“La diferencia capital entre el hombre de las
civilizaciones arcaicas y el hombre moderno, ‘histórico’, está en el valor
creciente que este concede a los acontecimientos históricos, es decir, a esas
‘novedades’ que, para el hombre tradicional constituían hallazgos carentes de
significación, o infracciones a las normas” (es decir, lo nuevo era lo que venía a
cuestionar lo establecido, lo habitual y que parecía seguro) (Mircea
Eliade[1]).
“El
hombre moderno vive asomado al mañana para ver llegar la novedad” (Ortega y Gasset[2]).
“Hacia 1560 comienzan a sentir las entrañas
europeas una inquietud, una insatisfacción, una duda de si es la vida tan
perfecta y cumplida como la edad anterior creía” (Ortega y
Gasset[3]).
“(Hacia el siglo XVI) De la noche a la mañana, las
certidumbres se convierten en dudas, cualquier cosa perteneciente al ayer
parece tener milenios y se descarta (…) el desasosiego fermenta en los países,
el miedo y la impaciencia alientan en las almas” (Stefan Zweig[4]).
“Los últimos años del siglo XV y los
primeros del XVI indican uno de los momentos de la historia en que el
Apocalipsis se apoderó con más fuerza de la imaginación de los hombres (…)

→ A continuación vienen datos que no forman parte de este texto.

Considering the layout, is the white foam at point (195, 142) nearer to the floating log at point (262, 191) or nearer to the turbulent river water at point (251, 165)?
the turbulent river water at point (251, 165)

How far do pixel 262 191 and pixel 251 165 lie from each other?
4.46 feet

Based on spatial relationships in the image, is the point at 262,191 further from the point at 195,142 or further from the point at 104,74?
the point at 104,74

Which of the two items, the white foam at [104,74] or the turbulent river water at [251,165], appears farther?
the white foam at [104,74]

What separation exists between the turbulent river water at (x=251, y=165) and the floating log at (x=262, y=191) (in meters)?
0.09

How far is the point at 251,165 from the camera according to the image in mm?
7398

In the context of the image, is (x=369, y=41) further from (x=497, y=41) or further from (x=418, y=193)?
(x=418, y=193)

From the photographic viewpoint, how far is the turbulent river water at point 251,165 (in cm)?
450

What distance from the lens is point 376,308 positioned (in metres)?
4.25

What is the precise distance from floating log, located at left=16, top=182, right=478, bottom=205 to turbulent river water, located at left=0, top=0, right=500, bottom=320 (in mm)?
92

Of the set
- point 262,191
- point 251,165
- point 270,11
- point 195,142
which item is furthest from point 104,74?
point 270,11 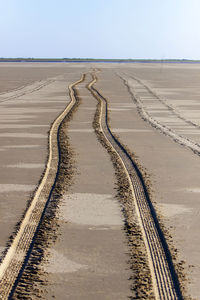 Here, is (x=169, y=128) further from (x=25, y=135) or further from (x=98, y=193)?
(x=98, y=193)

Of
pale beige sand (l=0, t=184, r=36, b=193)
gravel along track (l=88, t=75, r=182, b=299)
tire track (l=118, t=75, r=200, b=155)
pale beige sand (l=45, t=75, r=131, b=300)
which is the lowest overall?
pale beige sand (l=0, t=184, r=36, b=193)

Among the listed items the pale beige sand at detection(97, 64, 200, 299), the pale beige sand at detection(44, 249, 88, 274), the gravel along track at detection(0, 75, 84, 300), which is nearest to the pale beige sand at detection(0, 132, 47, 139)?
the pale beige sand at detection(97, 64, 200, 299)

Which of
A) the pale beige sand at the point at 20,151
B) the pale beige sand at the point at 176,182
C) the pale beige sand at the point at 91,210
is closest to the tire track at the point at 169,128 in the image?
the pale beige sand at the point at 176,182

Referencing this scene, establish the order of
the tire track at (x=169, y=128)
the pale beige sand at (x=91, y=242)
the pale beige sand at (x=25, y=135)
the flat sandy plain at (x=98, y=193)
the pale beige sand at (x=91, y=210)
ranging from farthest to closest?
the pale beige sand at (x=25, y=135), the tire track at (x=169, y=128), the pale beige sand at (x=91, y=210), the flat sandy plain at (x=98, y=193), the pale beige sand at (x=91, y=242)

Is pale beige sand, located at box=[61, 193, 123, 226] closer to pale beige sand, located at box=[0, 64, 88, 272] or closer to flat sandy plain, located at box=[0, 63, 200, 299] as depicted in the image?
flat sandy plain, located at box=[0, 63, 200, 299]

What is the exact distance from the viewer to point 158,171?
31.2 ft

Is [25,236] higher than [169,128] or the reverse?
the reverse

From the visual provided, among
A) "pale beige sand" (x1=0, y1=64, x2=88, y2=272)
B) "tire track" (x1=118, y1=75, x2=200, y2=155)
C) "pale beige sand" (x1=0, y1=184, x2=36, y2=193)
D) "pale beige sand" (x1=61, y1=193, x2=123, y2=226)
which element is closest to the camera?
"pale beige sand" (x1=61, y1=193, x2=123, y2=226)

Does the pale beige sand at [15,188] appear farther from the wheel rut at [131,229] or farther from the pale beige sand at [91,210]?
the pale beige sand at [91,210]

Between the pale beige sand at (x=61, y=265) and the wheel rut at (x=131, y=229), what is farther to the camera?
the pale beige sand at (x=61, y=265)

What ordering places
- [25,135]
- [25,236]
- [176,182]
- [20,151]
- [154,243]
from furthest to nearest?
1. [25,135]
2. [20,151]
3. [176,182]
4. [25,236]
5. [154,243]

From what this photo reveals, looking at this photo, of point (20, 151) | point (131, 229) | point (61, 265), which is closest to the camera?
point (61, 265)

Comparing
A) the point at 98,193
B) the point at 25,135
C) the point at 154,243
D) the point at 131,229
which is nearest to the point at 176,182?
the point at 98,193

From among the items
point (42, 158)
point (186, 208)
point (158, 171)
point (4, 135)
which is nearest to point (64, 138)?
point (4, 135) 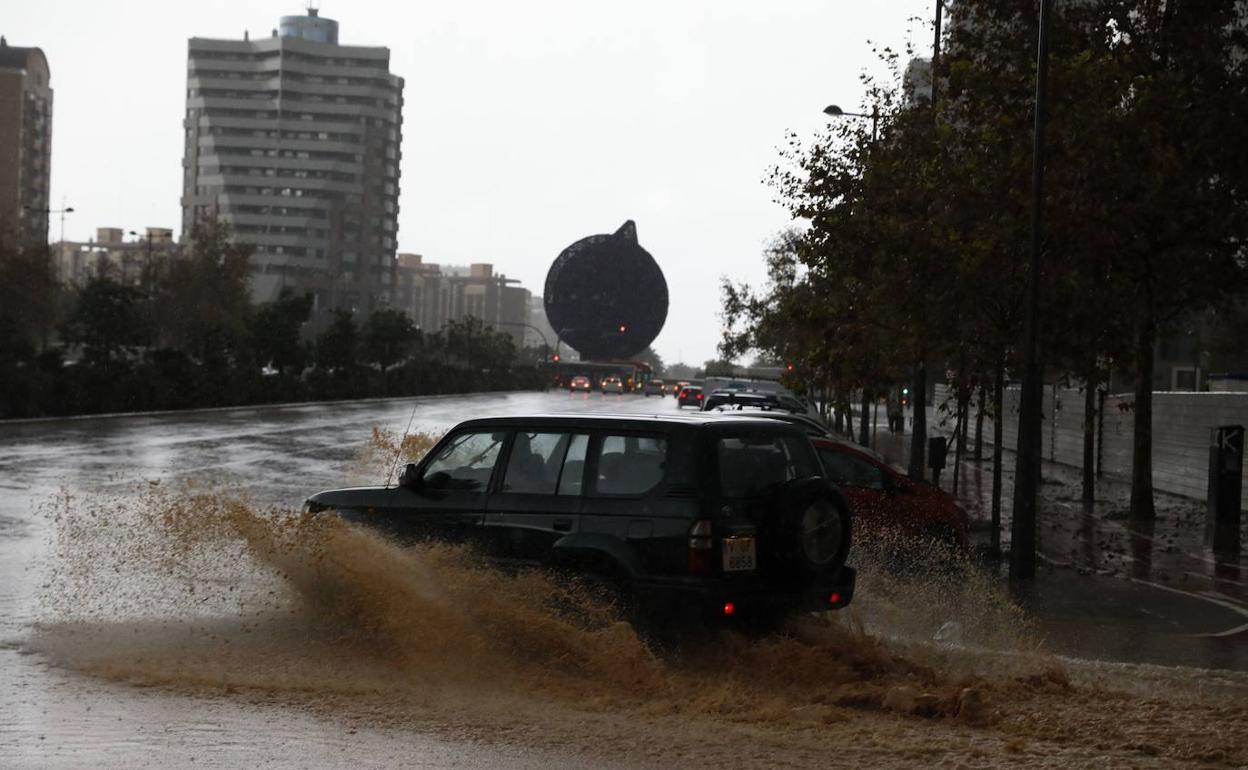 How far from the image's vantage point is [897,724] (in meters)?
7.91

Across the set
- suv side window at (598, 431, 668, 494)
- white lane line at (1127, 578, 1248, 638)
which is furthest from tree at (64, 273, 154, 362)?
suv side window at (598, 431, 668, 494)

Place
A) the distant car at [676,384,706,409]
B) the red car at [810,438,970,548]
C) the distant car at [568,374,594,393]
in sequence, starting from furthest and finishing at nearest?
the distant car at [568,374,594,393], the distant car at [676,384,706,409], the red car at [810,438,970,548]

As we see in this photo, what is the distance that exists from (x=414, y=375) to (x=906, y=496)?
6574cm

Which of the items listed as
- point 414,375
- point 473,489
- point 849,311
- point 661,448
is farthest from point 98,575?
point 414,375

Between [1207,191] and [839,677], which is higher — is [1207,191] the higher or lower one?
the higher one

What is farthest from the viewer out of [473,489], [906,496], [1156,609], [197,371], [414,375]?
[414,375]

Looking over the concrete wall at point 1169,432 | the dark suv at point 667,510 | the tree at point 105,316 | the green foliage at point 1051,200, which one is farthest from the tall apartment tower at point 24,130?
the dark suv at point 667,510

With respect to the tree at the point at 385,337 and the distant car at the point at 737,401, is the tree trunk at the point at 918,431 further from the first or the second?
the tree at the point at 385,337

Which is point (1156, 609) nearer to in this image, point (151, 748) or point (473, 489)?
point (473, 489)

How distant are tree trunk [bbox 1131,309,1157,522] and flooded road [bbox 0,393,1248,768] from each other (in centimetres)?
1113

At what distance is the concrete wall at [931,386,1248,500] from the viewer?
27.7m

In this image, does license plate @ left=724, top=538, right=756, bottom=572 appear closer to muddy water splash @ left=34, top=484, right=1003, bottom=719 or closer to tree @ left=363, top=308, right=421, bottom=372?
muddy water splash @ left=34, top=484, right=1003, bottom=719

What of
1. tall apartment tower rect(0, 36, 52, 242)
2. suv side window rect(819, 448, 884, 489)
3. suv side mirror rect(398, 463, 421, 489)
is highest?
tall apartment tower rect(0, 36, 52, 242)

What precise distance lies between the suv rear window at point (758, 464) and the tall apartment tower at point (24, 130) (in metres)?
149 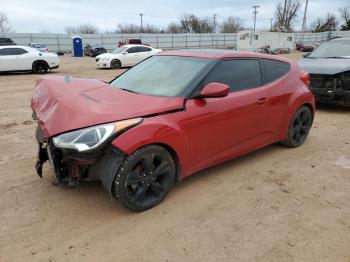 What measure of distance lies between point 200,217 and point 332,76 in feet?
19.1

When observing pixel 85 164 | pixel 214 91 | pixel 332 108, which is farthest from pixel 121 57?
pixel 85 164

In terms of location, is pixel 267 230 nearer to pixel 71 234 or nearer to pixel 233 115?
pixel 233 115

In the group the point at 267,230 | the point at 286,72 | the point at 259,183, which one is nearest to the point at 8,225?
the point at 267,230

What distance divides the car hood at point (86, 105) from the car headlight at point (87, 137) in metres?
0.06

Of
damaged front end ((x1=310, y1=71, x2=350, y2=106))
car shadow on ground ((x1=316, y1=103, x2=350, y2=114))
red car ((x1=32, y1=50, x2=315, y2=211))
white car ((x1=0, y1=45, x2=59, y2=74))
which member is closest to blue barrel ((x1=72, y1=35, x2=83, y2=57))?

Reina entonces una atmósfera de fin del mundo (…) Esos terrores (…) unieron las
dos orillas del corte artificialmente establecido entre Edad Media y
Renacimiento. Han sido contemporáneos del nacimiento del mundo moderno” (Jean Delumeau[5]).
[1] Mircea
Eliade: “El mito del eterno retorno”, Madrid, Alianza, 1979, p.141-142.
[2] Ortega
y Gasset: “Descreimiento, asfixia y rebelión”, O. C. Tº 5, p. 505.
[3] Ortega
y Gasset: “Notas de andar y ver. Viajes, gentes, países”, Madrid, Alianza,
1988, p. 56.
[4] Stefan
Zweig: “Erasmo de Rotterdam”, Barcelona, Paidós, 2006, pp. 29 y 33.
[5]
Jean Delumeau: “El miedo en Occidente”, Madrid, Taururs, 2012, p. 251.